JAKARTA – Pemerintah diminta konsisten menjalankan amanat Undang Undang Nomor 4 Tahun 2009 tentang Pertambangan Mineral dan Batu bara (Minerba). Tarik ulur masalah aturan main perpanjangan kontrak para perusahaan pemegang Perjanjian Karya Pengusahaan Batubara (PKP2B) bermula saat Presiden mengembalikan draft revisi ke-6 Peraturan Pemerintah Nomor 23 Tahun 2010 tentang Pelaksanaan Kegiatan Usaha Pertambangan Minerba kepada Kementerian Energi dan Sumberdaya Mineral (ESDM), yang akan menjadi landasan hukum dalam pemberian perpanjangan usaha kepada sejumlah pemegang PKP2B yang dalam waktu dekat akan berakhir karena adanya surat dari Kementerian Badan Usaha Milik Negara (BUMN) yang meminta beberapa poin revisi ditinjau ulang, termasuk poin peran BUMN di lahan tambang habis masa kontraknya.

Maryati Abdullah, Koordinator Nasional PWYP Indonesia, mengatakan pemerintah perlu menyusun kebijakan yang komperehensif terkait peran BUMN dalam pengelolaan tambang batu bara kedepan, termasuk jika mau mengelola lahan bekas PKP2B. Ini bisa menjadi momentum bagi BUMN untuk membuktikan kapasitas dan integritas dalam mengelola sumber daya batu bara.

“Koordinasi Kementerian ESDM dan Kementerian BUMN harus lebih intens dan meminimalisir ego sektoral.Jangan sampai publik menduga polemik ini sebatas ‘rebutan’ lahan saja,” kata Maryati di Jakarta, Kamis (11/7).

Pemerintah seharusnya konsisten untuk menjalankan UU sehingga polemik seperti sekarang tidak akan terjadi. Ketidakkonsistenan pemerintah sendiri akhirnya berbuah terbitnya rekomendasi dari Komisi Pemberantasa Korupsi (KPK) yang meminta perpanjangan kontrak PT Tanito Harum dicabut kembali,  padahal sudah diberikan sejak Januari lalu.

“Terlepas dari adanya surat Menteri BUMN dan surat Ketua KPK menanggpi draft revisi PP 23 Tahun 2010, tarik ulur ini tidak akan berkepanjangan, selama semua pihak konsisten berpegang pada amanat UU minerba,” kata Maryati.
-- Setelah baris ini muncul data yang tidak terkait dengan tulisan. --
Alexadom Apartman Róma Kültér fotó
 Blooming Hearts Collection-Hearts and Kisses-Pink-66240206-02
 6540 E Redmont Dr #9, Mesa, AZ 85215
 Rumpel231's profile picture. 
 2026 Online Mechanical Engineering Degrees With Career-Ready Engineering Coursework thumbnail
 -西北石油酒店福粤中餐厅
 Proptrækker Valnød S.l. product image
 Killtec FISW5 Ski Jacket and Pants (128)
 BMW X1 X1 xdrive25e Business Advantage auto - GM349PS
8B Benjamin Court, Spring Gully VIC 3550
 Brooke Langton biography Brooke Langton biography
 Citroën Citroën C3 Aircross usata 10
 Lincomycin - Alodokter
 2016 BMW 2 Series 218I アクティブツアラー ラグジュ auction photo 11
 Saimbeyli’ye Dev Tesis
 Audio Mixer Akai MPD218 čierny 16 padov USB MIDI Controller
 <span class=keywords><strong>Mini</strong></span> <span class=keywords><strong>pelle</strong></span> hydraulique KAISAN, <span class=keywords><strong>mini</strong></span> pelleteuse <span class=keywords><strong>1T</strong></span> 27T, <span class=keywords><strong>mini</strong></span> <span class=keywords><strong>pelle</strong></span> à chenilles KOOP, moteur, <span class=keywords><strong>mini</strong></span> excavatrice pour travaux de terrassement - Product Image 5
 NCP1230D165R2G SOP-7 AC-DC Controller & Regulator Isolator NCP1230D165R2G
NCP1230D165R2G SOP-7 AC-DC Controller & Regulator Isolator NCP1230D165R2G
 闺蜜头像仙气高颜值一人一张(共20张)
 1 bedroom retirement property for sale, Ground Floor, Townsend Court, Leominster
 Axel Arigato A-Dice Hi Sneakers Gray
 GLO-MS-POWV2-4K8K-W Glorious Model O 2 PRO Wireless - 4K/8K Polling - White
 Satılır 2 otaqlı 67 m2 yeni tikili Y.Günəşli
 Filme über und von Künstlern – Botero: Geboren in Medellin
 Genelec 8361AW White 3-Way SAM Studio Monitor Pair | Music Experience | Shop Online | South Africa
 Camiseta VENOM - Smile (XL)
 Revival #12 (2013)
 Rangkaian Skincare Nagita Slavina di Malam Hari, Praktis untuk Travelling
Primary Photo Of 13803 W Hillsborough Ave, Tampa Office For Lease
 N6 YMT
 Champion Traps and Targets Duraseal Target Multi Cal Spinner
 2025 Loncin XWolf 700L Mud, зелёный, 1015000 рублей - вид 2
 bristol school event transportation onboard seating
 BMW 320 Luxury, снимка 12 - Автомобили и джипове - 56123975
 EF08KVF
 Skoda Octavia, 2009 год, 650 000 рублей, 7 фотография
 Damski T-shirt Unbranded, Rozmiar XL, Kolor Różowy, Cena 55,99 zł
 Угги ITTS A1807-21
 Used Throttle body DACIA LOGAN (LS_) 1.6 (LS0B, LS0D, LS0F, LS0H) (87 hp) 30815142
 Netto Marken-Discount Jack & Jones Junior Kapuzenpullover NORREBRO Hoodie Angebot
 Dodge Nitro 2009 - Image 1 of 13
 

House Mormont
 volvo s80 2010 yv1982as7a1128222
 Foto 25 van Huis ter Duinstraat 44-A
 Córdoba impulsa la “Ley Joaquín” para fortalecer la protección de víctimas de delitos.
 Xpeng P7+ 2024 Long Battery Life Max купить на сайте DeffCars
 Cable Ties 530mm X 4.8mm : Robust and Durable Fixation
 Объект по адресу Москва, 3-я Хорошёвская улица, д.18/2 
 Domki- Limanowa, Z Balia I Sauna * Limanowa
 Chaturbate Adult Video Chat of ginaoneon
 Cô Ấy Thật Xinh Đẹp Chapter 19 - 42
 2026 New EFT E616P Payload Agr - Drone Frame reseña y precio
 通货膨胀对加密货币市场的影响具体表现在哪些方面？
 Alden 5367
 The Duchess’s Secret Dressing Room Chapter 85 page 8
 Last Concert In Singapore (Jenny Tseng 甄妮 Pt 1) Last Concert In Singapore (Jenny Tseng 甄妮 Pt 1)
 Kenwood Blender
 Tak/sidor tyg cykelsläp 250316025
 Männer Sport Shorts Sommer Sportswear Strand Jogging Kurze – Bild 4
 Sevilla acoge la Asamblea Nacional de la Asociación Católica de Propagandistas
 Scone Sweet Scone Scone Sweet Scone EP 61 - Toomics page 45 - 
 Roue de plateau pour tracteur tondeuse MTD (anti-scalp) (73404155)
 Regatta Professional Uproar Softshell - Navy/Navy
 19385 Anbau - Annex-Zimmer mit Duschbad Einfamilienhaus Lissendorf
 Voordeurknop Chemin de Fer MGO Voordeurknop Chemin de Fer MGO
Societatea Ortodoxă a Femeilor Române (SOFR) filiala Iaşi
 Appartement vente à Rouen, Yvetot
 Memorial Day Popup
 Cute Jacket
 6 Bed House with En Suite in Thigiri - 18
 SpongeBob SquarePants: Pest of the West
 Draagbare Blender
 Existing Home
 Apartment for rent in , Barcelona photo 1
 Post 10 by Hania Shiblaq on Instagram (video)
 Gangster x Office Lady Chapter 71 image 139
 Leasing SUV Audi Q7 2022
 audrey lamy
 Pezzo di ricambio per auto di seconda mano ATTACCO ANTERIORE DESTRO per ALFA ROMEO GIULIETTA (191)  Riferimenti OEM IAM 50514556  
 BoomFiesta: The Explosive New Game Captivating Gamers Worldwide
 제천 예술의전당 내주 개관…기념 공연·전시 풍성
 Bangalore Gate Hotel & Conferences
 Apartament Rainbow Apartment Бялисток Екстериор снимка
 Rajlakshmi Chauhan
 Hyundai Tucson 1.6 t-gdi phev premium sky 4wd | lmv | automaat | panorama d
Pasal-pasal dalam UU Minerba menurut Maryati sudah sangat jelas menatur PKP2B termasuk pemberian Izin Usaha Pertambangan Khusus (IUPK) yang harus diawali dengan penetapan Wilayah Pencadangan Negara (WPN) yang dilanjutkan dengan lelang WIUPK. Kemudian prioritas IUPK untuk BUMN dan BUMD, maupun luas wilayah operasi produksi pertambangan batu bara maksimal seluas 15 ribu hektar.

Pada dasarnya, polemik tersebut dipicu oleh polemik regulasi dan pelaksanaan kebijakan yang tidak sempurna. “Sehingga menyebabkan ketidakpastian hukum, serta pengawasan yang lemah termasuk oleh lembaga legislatif,” ujar Maryati.

Ketidakjelasan usaha akibat ketidakpastian hukum yang dialami oleh Tanito sendiri berpotensi merembet ke tujuh PKP2B lainnya. Padahal PKP2B lainnya merupakan produsen utama batu bara nasional yang juga pemasok utama PLN untuk memenuhi kebutuhan pembangkit listriknya.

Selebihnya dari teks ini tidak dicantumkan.